To understand the point of the new Porsche 911 Speedster requires rewiring your brain to accept that cool, detached logic has really very little to do with it. For if you allow common sense even a glimpse of the Speedster, it will start to ask questions. Awkward ones like, "Couldn’t I buy a GT3 and a Boxster Spyder and still have a five-figure sum left over?" Ah yes, Porsche will tell you, but they will not be exclusive.
Or, put more properly, Exclusive. The Speedster follows hot on the heels of last year’s Sport Classic as the latest product retailed by Porsche’s Exclusive department. These are the wacky folks in Stuttgart who over the last quarter century or so have brought you cars such as the shove-snouted 930 Turbo, 968 Turbo S, 993 Turbo S and, last year, the 997 Sport Classic. And they’re not kidding about the exclusivity: apparently out of homage to the first 1954 Speedster, just 356 are going to be built, each one retailing for £144,100. By comparison, the original 356 and subsequent G-series 911 and 964-based Speedsters (of which 4144, 2103 and 930 respectively were built) were positively common.
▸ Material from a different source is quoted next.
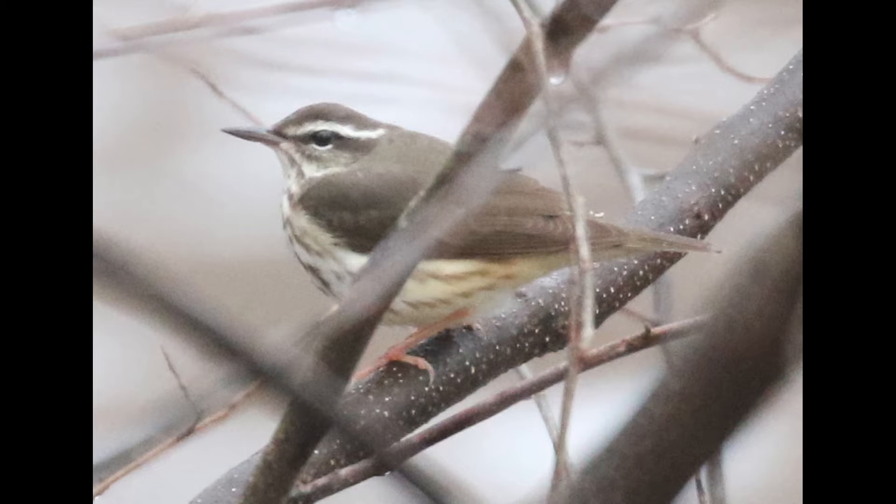In terms of timing, that can also help. Louisiana water thrushes tend to be one of the very first warblers to arrive in the spring, so a water thrush very early in the migration season is typically going to be a Louisiana. It works the same in the fall — Louisiana water thrushes leave very early, so if you have a particularly late one hanging around, it's typically going to be a northern. A water thrush seen in late August or September is typically going to be a northern water thrush because most of the Louisianas have left by then.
See the test pics of the new Porsche 911 Speedster
What's it like?
At its heart, this new Speedster takes the wide body of the Carrera 4S Cabriolet but the rear-drive, 402bhp upgraded powertrain from the Sport Classic which will next year become standardised in the 911 GTS. PDK is the only available transmission. Wide Fuchs-style wheels, as well as the front and rear bumpers and valances, are also Sport Classic carry-overs.
But your attention is drawn first to the signature double-bubble hood cover and the shortened windscreen, abbreviated to the tune of 60mm. Unlike previous Speedsters, the rake of the screen remains unchanged. But also unlike its forebears, you don’t have to sign papers saying you understand your Speedster is not waterproof; this one emphatically is.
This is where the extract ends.